TASK ITEM:
Report all lines of the data below that hold the word "Gold".

○ ○ ○ ○ ○

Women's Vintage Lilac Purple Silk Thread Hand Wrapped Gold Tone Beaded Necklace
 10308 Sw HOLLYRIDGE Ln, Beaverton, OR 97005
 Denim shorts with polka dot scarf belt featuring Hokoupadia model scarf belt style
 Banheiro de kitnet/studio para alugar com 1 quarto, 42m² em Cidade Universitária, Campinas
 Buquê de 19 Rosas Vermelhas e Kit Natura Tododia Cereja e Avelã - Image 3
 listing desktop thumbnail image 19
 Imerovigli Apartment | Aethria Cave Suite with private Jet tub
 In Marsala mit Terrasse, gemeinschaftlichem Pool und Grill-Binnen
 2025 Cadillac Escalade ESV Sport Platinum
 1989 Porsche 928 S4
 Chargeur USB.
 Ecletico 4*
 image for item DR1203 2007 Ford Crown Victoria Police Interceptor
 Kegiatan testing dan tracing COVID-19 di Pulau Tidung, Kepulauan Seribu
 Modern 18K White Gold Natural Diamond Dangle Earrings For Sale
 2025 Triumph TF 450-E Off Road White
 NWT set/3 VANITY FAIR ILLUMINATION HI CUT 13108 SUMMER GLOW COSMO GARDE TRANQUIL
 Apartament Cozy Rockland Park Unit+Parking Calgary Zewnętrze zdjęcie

○ ○ ○ ○ ○

EXERCISE RESULT:
Women's Vintage Lilac Purple Silk Thread Hand Wrapped Gold Tone Beaded Necklace
 Modern 18K White Gold Natural Diamond Dangle Earrings For Sale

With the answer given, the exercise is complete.